But we have NO way to return BOTH the text of the translated variant, AND classification tags on output; only one input tag is accepted.

  • The magic keyword "PLURAL:" has no input tags, it only takes a numerical value on input.

Returning tags only on output will be inefficiant: it requires returning all possible variants, each one with their own tags for external selection, or return a some functional object that will be able to generate the selection without having to enumerate all possible variants. For common cases, like derived terms in the conjugation of verbs, or grammatical cases, and more complex clases like German verbs with their "detachable" particles, or pronominal verbs, we need input tags. Output tags should be used for the generated sets of variants. then we'll need some orchestrator to reduce the sets of variants and generate the calls of functions that will make the selctions. But for translators this is a complex task to do: we need to allow them to just being able to add variants and complement each output with one or more tags that can can easily select form a set of known tags; and these tags must make sense to human translators (so tag names must follow some known and documented convention). That's not somethinb easy to design in a snigle basic "magic keyword" in MediaWiki, except for very limited use cases.


IMHO, using tags on input rather than output will be more powerful and will offer a simpler interface. And making all tags on input requires using a "functional" syntax, but with possibly unordered parameters (the input would just be some unordered set of tags. Adding variants for a given message to translate just requires each added variant to have distinct sets of tags, including the empty set which would be the default translation (that should be always usable in isolation, e.g. as items in a bulleted list or in an index, but not as a "title" or section header as it adds specific some usage context requiring its own generative tag fior example for its capitalization).

If we accept the fact that "tags" cannot be named with any space in them (only alphanumeric or hyphens), then such solution is implementable in MediaWiki using the existing "GRAMMAR:" magic keyword as:

{{GRAMMAR: |tag1 tag2 = variant1 |tag1 tag3 = variant2 | ...}}

and it would be important to remember that the order of those tags is not significant (so "tag1 tag2" or "tag2 tag1" are equivalent. Optionnally some wildcard may be used but it would complexify the task for translators. Tags should be wellknown, documented and not generated as they want, so that each one can be validated.

But this new syntax (only to be used in the middle of a translated message, may as well use another separate keyword like "SELECT:", "VARIANTS:" and so on.

For the case of variants making the whole content of the message, we don't necessarily need any syntax to be exposed to translators, as they may just have a "+" button to add variants and an extra field where they can add suitable tags (the validator would just have to check that sets of tags are distinct for each added variant of the message, and would store them in some "canonical" order).
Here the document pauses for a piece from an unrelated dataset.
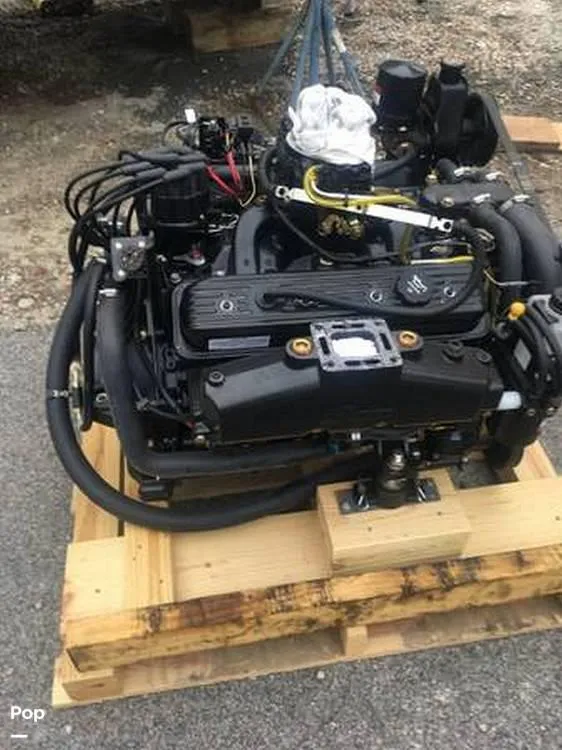 Slide: The Image of 2002 Maxum 3100SCR for sale in Falmouth, MA - 17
And the UI may offer facilities to easily select "known" tags from a repository appropriate for each language, so that translators have less difficulties to use select and use them. That syntax would be hidden.

Any translated message (even if it has a single variant listed) could have one or more tags added to them (including the single default variant): those tags would then be able to provide the needed semantics that also allows generators (like conjugators for verbs) to work with them. Internally each variant stored would be used as a pure functional object, capable to use tags given on input and the defined text of the variant, to generate the simple text output. Basic i18n libariies or applications would ignore the input tags and would work only with the defined text (but would loose the semantic of that text if they use it to generate other texts).

The main difference is that stored translations would not longer be opaque texts

Verdy p (talk)22:48, 22 December 2022
 

@Ghybu: Yes, that is possible, I have done so for genetive GRAMMAR in Norwegian; when words are put in genitive in Norwegian, we just add an "s", unless the word ends in s, x or z, then we add an apostrophe instead. It should be easy to do something similar for Kurdish where the output depends on whether the final letter is a vowel or not.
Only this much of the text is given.